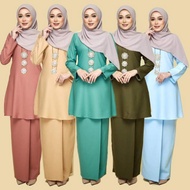 (S - 5XL)  kurung riau plain plus size baju nikah tunang bridesmaid annual dinner baju event pengapit kenduri raya murah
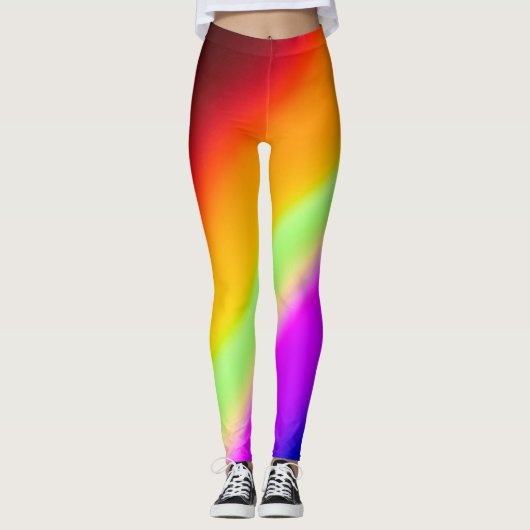 Leggings voor regenboogverlichting Unisex (Voorkant)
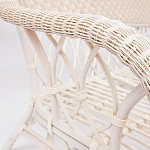Комплект уличной мебели из ротанга Eloise белый варинант исполнения - 4 | Loft Concept в Перми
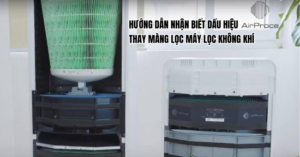 Hướng dẫn nhận biết dấu hiệu thay màng lọc máy lọc không khí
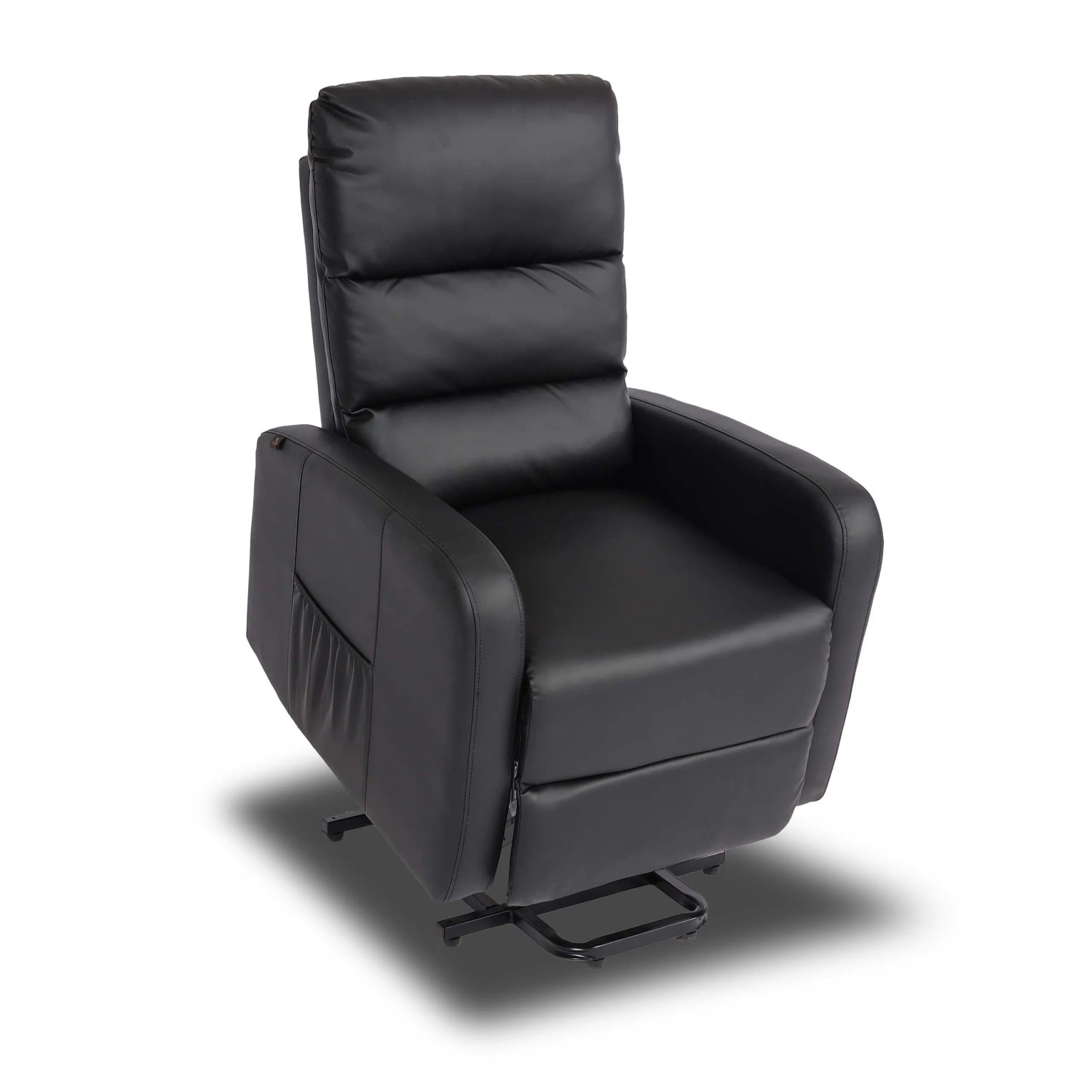 MCW Fernsehsessel K62 Liegefunktion Aufstehhilfe Metall Kunstleder Schwarz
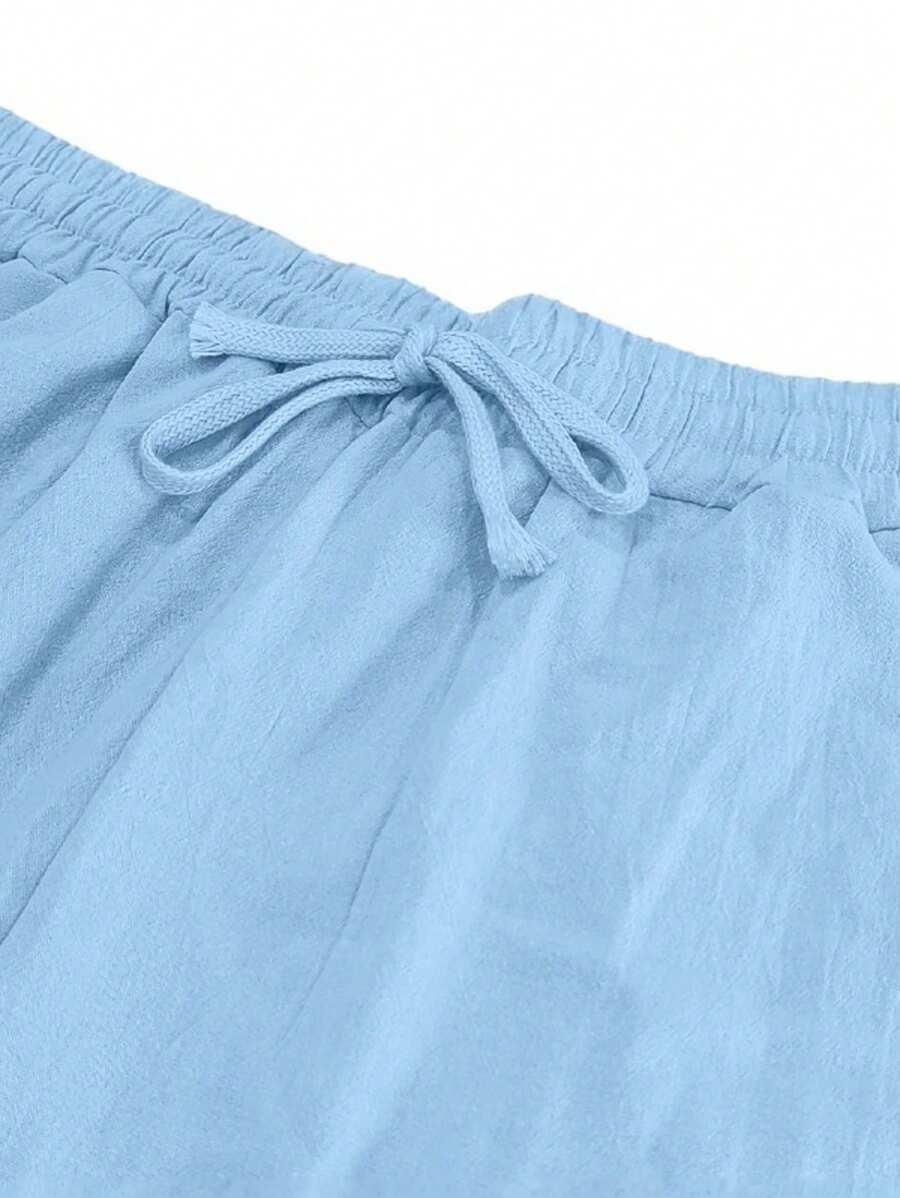 Men's Casual Linen Pants | Drawstring Waist & Slant Pockets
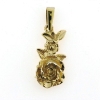 Billede af Vedhæng blomst (rose)14 kt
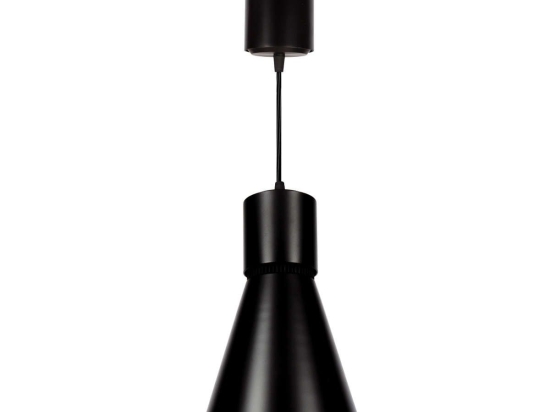 Φωτιστικό Οροφής Καμπάνα Led Black VK/04016/B/C 4000K VKLed Αλουμίνιο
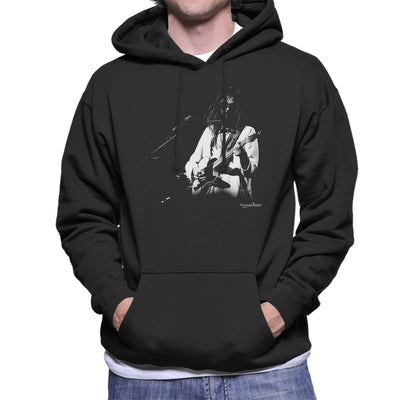 Neil Young Manchester Palace 1973 Men's Hooded Sweatshirt - FotoGrafica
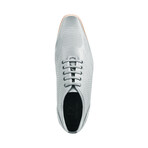 Lava  // Men’s Leather Lace-Up Dress Shoes // Gray (US: 12)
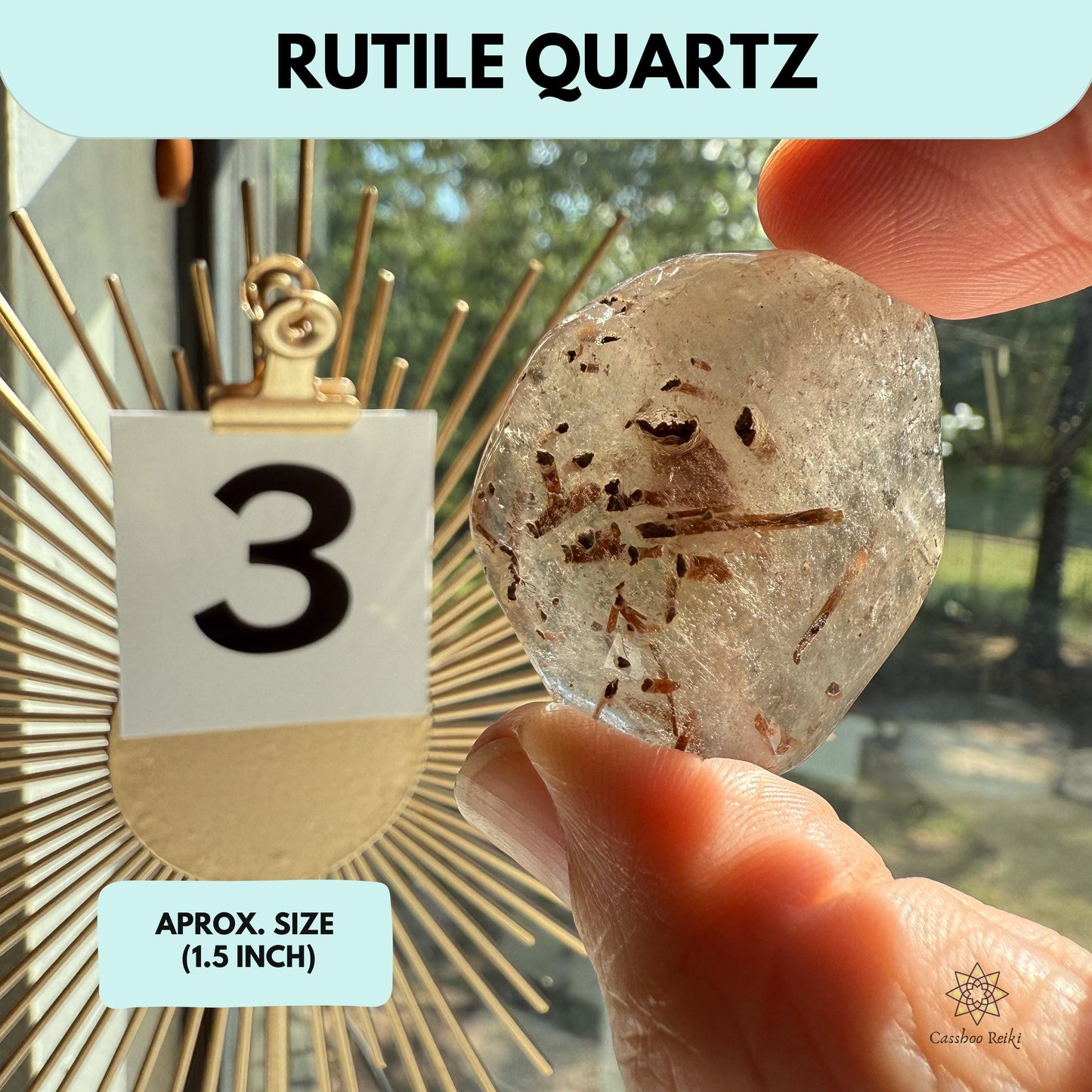 Rutilated Quartz, tumbled. Choose your Own Crystal | Clear Quartz with Rutile Inclusions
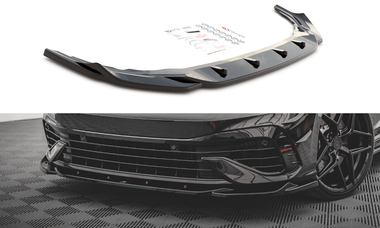 Maxton Design GLOSS BLACK Maxton Design Front Splitter V.4 - VW Golf R Mk8 VW-GO-8-R-FD4G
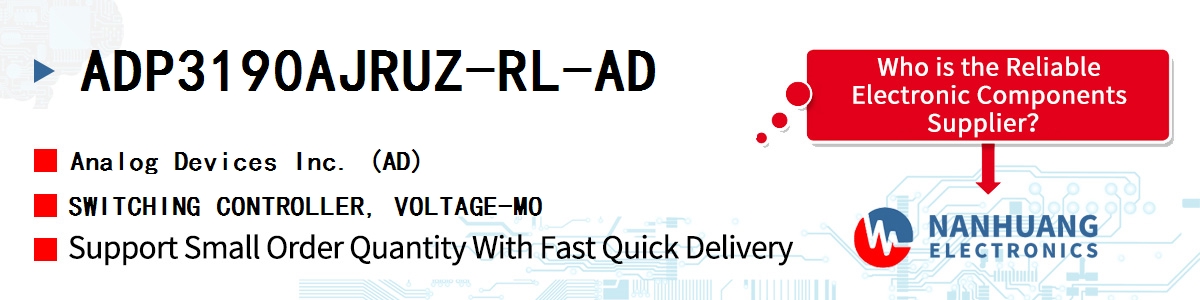 ADP3190AJRUZ-RL-AD ADI SWITCHING CONTROLLER, VOLTAGE-MO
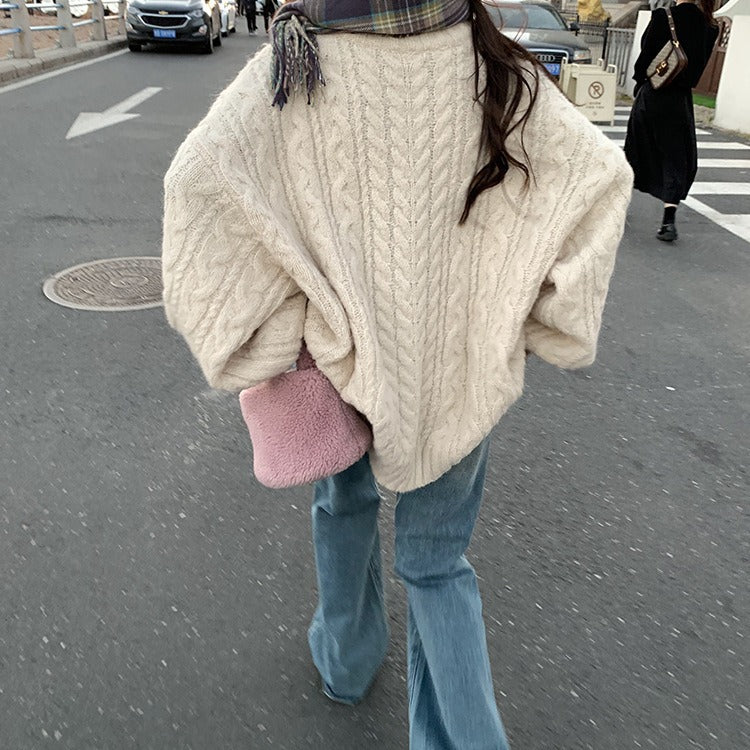 Pull en tricot pour femmes avec des manches volumineuses Chic & Stil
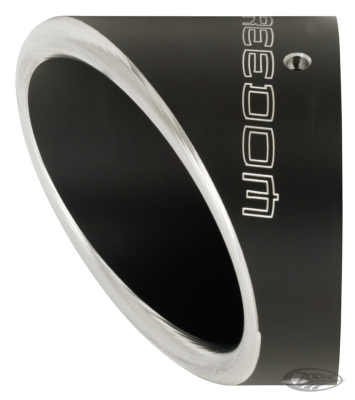 TURNOUT END CAP 4.5" SCULPTED BLACK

EXERCISE GOAL: Going from the line that holds "Maxton Design GLOSS" to the end of the listing above, copy each line exactly and nothing more, leaving pictures aside.

EXERCISE SOLUTION:
 Maxton Design GLOSS BLACK Maxton Design Front Splitter V.4 - VW Golf R Mk8 VW-GO-8-R-FD4G
 ADP3190AJRUZ-RL-AD ADI SWITCHING CONTROLLER, VOLTAGE-MO
 Pull en tricot pour femmes avec des manches volumineuses Chic & Stil
 TURNOUT END CAP 4.5" SCULPTED BLACK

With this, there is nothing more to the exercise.